Most residents of Iceland have either received their tax bill, refund, or confirmation of no further payment required by June.*
*if you were a resident of Iceland and have since changed your legal domicile to another country, you will not receive an estimate on your final tax return. You will instead receive the bill, refund or notification of no further payment required.
What if I Receive Salary From More than One Employer?
It is up to you how your tax discount is used. If you have more than one employer, you can only use it with one, or you can split it between two however you like (60% to one and 40% to the other).
You need to notify the tax department which income you will use the discount for and what percentage.

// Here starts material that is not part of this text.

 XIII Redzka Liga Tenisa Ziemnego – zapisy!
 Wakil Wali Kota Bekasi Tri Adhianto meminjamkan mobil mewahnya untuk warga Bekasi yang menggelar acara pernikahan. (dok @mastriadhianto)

Apart from that, your taxes will fall into the same structure as usual. You will pay a certain amount of tax depending on how much you are earning.
In some cases, depending on the nature of your work, it is better to set yourself up as a company.
This can be useful if you are a freelancer with many clients and many different income streams. It can be difficult and expensive to set up, however, so another solution for those who are freelancing in Iceland is to join an agency like Swapp that works as a third party between freelancers and businesses.
Understanding the tax system of your own country can be hard enough, and delving into the complex workings of a foreign financial structure can be downright terrifying.
But take it from someone who has experienced it first hand, if you move to Iceland, the sooner you take the time to learn a bit about how it all works, the better.
Nobody wants to experience the uncertainty of not knowing if you’re paying enough tax, too much or even how it will affect your salary.
A foreign tax system might take some time to understand, but once you do, you will have a much more enjoyable experience throughout your stay.